▶ **Work instruction**: Below are some records. Quote exactly the lines from the one that contains "SaneShoppe Pyjama à" through the last, both included, and leave out the pictures.

▶ **Crawled caption data**:

BEGIN

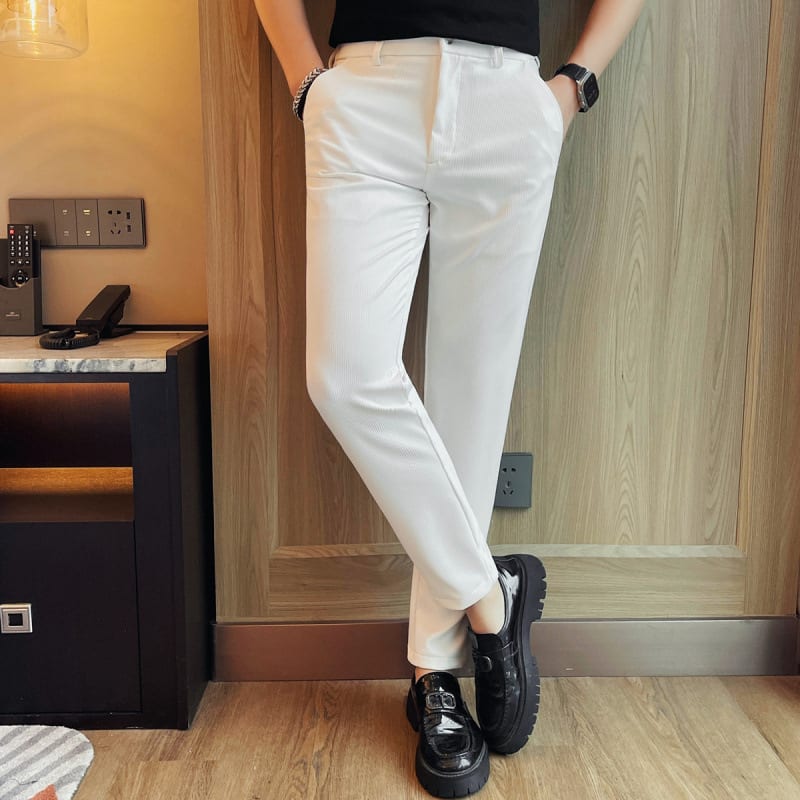 Men's Casual Straight-leg Dark Pattern Ice Silk Cropped Pants view 4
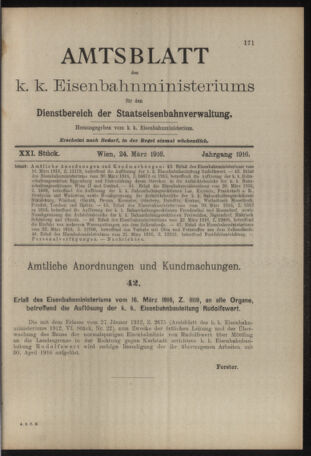 Verordnungs- und Anzeige-Blatt der k.k. General-Direction der österr. Staatsbahnen 19160324 Seite: 1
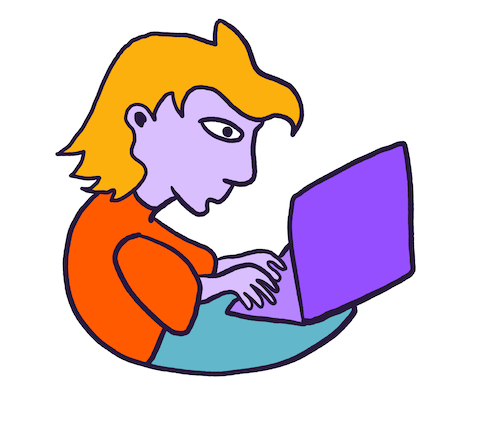 Drawing of person at computer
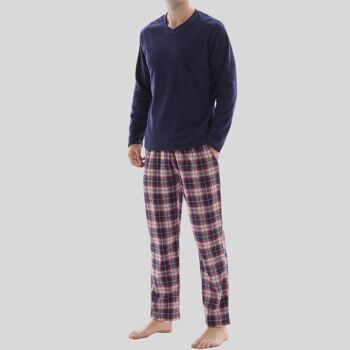 SaneShoppe Pyjama à manches longues pour homme 100 % coton Bas Ensembles de pyjama Loungewear -M, Blue-136 2
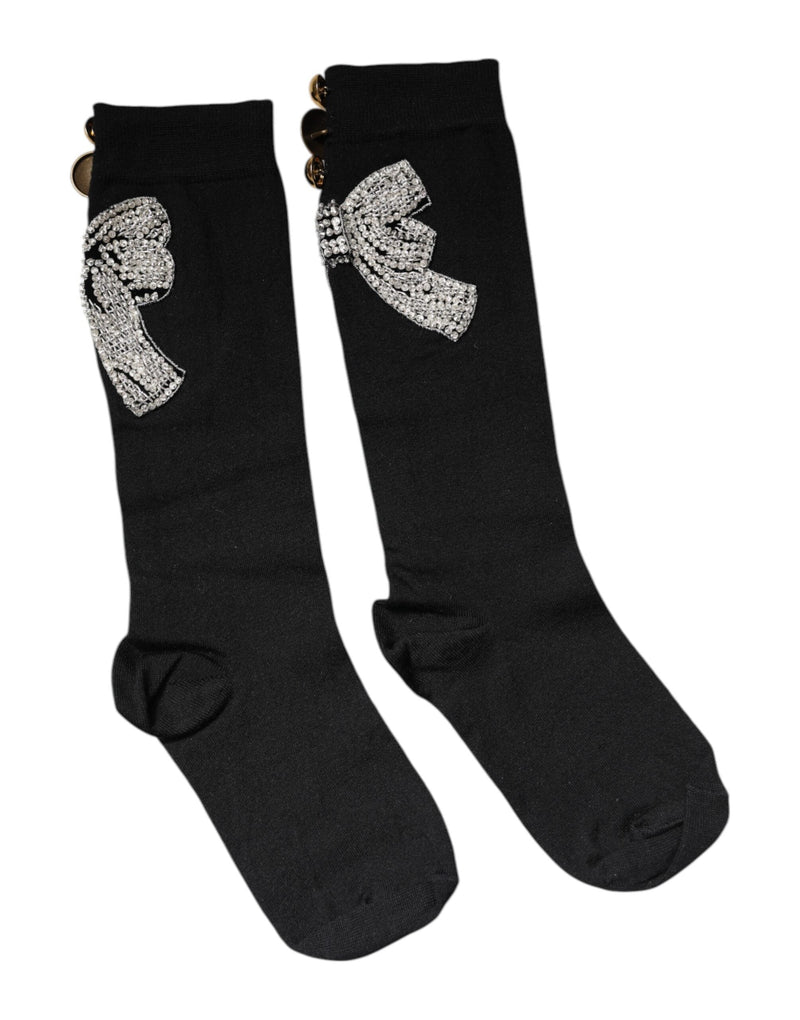 Black Knit Floral Crystal Embellishment Socks Dolce & Gabbana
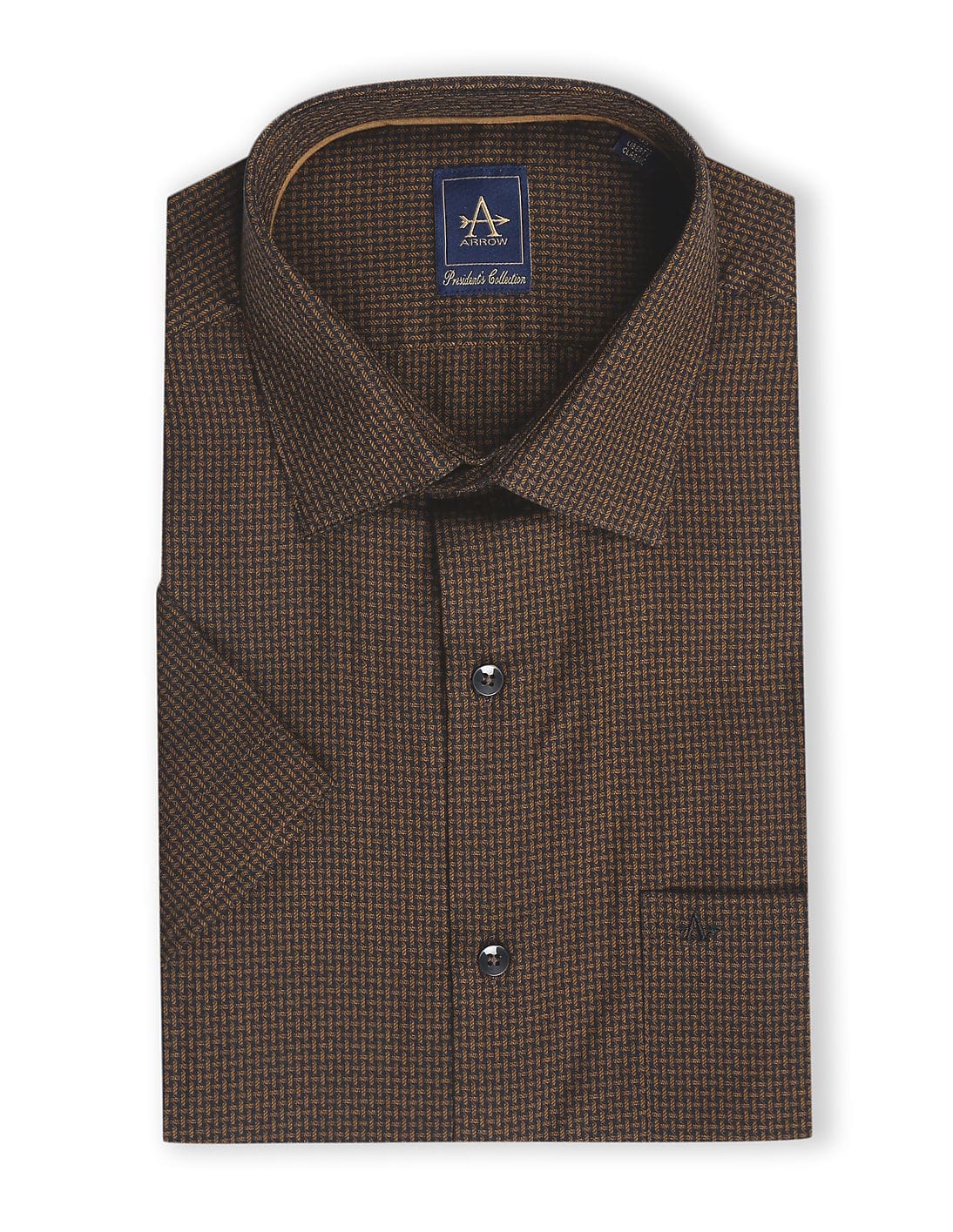 Buy Arrow Men Brown Short Sleeve Cotton 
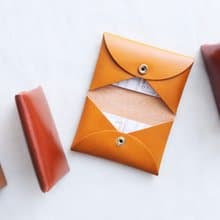 #成品製造 方兩半 對摺卡片套 原創手工 名片夾 意大利植鞣 刻名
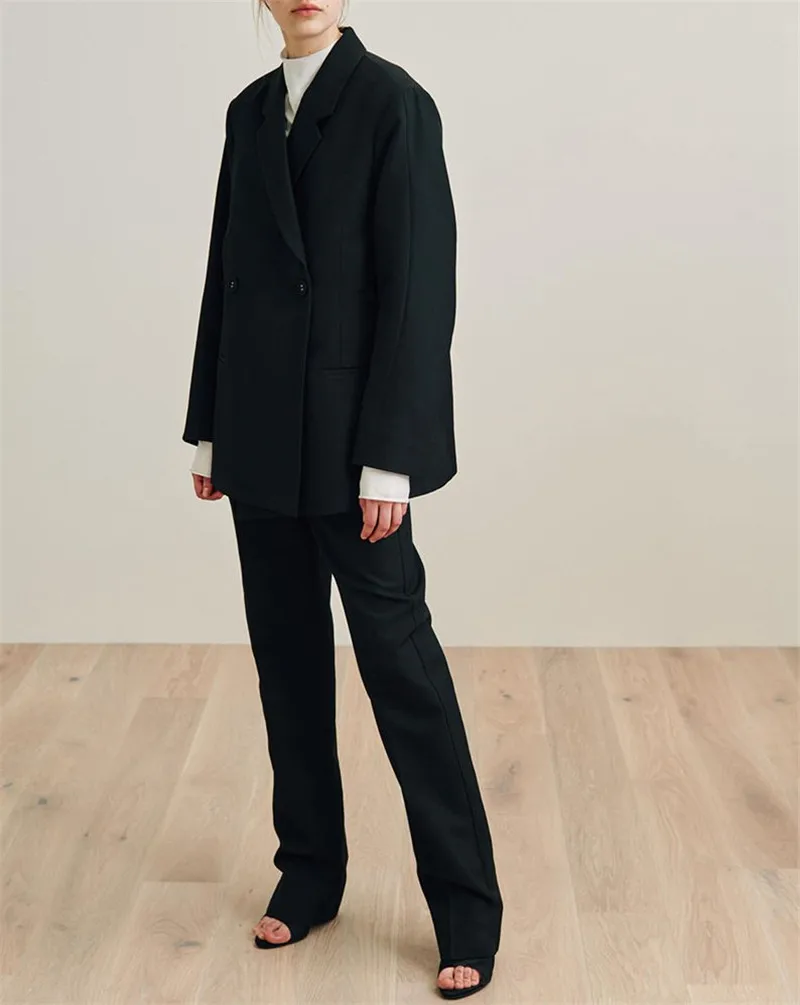 Осенний двубортный шерстяной свободный Блейзер костюм офисный женский деловой комплект со штанами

END

▶ **Task answer**:
 SaneShoppe Pyjama à manches longues pour homme 100 % coton Bas Ensembles de pyjama Loungewear -M, Blue-136 2
 Black Knit Floral Crystal Embellishment Socks Dolce & Gabbana
 Buy Arrow Men Brown Short Sleeve Cotton 
 #成品製造 方兩半 對摺卡片套 原創手工 名片夾 意大利植鞣 刻名
 Осенний двубортный шерстяной свободный Блейзер костюм офисный женский деловой комплект со штанами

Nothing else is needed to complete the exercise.